**Records contained in a dataset:**
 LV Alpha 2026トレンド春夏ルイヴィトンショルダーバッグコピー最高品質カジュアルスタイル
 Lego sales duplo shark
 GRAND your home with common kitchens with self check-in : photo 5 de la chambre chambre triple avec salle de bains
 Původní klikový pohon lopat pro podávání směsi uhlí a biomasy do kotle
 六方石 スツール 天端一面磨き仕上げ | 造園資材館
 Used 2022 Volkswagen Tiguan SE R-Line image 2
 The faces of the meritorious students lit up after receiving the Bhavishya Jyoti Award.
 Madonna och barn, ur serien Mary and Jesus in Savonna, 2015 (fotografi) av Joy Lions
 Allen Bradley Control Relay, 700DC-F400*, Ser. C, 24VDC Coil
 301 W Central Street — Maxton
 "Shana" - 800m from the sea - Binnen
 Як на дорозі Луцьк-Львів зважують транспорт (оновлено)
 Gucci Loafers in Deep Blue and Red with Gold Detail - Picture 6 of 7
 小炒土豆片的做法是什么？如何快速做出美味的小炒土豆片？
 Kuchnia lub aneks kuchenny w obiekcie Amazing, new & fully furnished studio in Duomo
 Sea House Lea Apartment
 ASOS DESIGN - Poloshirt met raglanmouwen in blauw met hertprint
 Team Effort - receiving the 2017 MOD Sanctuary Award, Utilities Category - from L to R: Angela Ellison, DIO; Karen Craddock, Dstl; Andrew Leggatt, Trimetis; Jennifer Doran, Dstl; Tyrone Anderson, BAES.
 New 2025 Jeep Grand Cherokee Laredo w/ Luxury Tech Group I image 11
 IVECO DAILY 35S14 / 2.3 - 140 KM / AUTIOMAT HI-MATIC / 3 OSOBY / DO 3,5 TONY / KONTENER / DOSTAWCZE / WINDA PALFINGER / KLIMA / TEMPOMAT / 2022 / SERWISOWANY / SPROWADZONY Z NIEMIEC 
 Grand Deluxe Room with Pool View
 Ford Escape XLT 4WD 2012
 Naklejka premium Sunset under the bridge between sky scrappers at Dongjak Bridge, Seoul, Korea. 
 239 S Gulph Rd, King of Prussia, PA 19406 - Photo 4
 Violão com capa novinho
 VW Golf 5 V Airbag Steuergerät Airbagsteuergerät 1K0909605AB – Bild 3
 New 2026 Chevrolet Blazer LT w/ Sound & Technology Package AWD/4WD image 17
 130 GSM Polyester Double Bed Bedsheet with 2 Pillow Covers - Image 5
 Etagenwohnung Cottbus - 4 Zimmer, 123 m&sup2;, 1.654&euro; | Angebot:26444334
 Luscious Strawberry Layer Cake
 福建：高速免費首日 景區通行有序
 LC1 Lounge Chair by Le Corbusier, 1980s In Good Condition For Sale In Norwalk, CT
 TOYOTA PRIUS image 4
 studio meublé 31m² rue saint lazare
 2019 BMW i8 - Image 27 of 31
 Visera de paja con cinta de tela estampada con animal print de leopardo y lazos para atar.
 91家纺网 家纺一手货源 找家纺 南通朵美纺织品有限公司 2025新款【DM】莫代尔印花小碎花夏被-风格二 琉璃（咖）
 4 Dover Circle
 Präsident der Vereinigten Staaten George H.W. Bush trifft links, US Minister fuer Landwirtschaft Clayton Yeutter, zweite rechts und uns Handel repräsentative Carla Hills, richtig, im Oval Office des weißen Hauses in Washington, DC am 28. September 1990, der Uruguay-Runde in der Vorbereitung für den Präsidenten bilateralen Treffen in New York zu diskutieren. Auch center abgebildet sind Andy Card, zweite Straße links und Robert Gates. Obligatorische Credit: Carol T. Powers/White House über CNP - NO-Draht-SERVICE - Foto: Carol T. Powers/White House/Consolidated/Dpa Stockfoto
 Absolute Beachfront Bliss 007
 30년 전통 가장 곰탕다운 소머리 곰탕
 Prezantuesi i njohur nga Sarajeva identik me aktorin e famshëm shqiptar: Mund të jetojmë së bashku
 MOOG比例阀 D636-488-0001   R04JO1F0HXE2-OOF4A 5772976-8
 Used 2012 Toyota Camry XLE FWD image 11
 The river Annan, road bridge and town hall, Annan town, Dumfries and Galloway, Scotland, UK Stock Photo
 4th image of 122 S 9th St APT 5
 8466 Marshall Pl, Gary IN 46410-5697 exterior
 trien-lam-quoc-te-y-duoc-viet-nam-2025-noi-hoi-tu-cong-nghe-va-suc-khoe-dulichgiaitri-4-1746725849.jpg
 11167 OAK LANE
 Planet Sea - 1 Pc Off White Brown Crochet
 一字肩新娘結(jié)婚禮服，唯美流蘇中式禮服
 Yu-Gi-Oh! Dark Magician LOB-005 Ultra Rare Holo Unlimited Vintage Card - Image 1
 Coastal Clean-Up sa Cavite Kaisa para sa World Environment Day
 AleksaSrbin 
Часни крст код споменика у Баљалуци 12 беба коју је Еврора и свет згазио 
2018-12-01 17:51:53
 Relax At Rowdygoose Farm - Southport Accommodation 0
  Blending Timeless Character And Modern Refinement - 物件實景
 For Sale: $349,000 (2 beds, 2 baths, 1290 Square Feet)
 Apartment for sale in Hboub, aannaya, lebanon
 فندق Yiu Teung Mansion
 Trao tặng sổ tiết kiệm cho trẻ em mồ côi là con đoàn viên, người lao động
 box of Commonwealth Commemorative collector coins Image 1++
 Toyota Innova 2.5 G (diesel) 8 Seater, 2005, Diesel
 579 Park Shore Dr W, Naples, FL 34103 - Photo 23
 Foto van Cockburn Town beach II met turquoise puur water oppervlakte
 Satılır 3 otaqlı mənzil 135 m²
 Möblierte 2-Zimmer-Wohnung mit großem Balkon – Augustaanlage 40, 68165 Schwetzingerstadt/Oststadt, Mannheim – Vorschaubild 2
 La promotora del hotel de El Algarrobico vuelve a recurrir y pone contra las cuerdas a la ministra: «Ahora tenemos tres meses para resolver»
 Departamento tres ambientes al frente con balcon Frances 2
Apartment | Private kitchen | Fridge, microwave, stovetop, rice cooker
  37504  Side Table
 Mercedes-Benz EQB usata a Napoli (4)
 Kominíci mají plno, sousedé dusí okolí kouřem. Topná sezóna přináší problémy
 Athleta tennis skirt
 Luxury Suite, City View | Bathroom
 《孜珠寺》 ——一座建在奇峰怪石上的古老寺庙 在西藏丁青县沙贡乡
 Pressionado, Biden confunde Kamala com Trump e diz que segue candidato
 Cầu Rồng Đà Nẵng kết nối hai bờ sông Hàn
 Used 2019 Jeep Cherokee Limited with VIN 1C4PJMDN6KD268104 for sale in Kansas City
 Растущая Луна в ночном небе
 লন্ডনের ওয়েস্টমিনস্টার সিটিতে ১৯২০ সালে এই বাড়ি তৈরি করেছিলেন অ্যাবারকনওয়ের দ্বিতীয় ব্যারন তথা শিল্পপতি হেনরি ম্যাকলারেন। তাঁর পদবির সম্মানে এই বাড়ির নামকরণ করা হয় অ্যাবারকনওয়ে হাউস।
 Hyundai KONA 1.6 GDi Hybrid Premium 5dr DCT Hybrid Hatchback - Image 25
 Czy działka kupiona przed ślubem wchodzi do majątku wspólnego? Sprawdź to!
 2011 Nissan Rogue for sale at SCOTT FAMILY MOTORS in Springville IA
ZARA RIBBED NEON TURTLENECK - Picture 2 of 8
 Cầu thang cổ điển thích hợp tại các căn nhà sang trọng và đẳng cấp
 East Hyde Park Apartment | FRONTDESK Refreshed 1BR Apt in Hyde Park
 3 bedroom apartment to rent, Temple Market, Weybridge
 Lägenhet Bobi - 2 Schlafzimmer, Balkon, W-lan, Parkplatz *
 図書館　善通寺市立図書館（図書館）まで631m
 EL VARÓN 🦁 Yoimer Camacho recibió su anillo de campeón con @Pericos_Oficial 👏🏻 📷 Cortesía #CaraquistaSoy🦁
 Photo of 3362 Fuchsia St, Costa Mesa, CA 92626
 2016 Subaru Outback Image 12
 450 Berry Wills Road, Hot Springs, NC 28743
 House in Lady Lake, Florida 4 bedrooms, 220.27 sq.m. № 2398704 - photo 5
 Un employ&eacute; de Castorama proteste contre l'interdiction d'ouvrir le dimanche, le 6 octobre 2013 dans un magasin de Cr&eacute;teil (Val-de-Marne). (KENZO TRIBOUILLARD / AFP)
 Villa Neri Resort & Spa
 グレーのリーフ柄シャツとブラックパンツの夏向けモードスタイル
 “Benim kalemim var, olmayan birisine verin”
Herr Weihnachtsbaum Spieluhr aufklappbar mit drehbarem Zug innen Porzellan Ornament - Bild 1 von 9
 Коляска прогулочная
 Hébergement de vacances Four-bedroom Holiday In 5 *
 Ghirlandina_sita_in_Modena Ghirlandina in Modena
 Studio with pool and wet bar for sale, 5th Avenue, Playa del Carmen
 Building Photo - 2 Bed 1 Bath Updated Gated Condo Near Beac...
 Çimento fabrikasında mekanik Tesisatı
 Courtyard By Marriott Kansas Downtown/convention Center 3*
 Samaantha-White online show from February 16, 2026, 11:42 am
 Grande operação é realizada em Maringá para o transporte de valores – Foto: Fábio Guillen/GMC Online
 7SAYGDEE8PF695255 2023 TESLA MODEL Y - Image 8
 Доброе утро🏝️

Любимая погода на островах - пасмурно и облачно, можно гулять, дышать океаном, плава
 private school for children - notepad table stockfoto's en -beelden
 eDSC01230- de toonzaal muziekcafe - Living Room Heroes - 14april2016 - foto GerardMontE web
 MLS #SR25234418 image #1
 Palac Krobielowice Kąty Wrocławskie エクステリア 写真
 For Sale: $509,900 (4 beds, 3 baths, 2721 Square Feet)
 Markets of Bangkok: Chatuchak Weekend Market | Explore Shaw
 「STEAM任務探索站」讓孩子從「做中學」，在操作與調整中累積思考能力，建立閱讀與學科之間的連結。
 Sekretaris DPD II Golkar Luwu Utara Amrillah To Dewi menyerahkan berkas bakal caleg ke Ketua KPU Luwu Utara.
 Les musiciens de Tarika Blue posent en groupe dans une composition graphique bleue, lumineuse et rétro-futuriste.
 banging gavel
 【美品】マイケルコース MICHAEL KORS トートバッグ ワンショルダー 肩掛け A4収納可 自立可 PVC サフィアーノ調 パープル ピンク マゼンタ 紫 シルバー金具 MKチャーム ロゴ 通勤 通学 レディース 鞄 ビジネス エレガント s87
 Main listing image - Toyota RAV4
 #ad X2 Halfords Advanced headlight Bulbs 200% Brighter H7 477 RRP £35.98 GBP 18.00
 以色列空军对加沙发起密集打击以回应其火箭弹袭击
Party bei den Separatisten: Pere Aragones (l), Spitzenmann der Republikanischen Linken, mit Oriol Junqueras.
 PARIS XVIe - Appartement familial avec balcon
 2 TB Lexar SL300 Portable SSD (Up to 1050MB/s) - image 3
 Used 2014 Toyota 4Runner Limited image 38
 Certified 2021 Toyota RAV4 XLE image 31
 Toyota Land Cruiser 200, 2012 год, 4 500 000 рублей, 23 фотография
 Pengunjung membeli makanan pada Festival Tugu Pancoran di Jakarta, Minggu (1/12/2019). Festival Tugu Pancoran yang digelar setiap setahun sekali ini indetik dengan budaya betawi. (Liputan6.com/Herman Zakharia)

**Exercise prompt:**
Scan the records above for the lines holding "New 2026 Chevrolet" and "福建：高速免費首日 景區通行有序". Transcribe those two and every line between them word for word, and no others.

**Reply:**
 New 2026 Chevrolet Blazer LT w/ Sound & Technology Package AWD/4WD image 17
 130 GSM Polyester Double Bed Bedsheet with 2 Pillow Covers - Image 5
 Etagenwohnung Cottbus - 4 Zimmer, 123 m&sup2;, 1.654&euro; | Angebot:26444334
 Luscious Strawberry Layer Cake
 福建：高速免費首日 景區通行有序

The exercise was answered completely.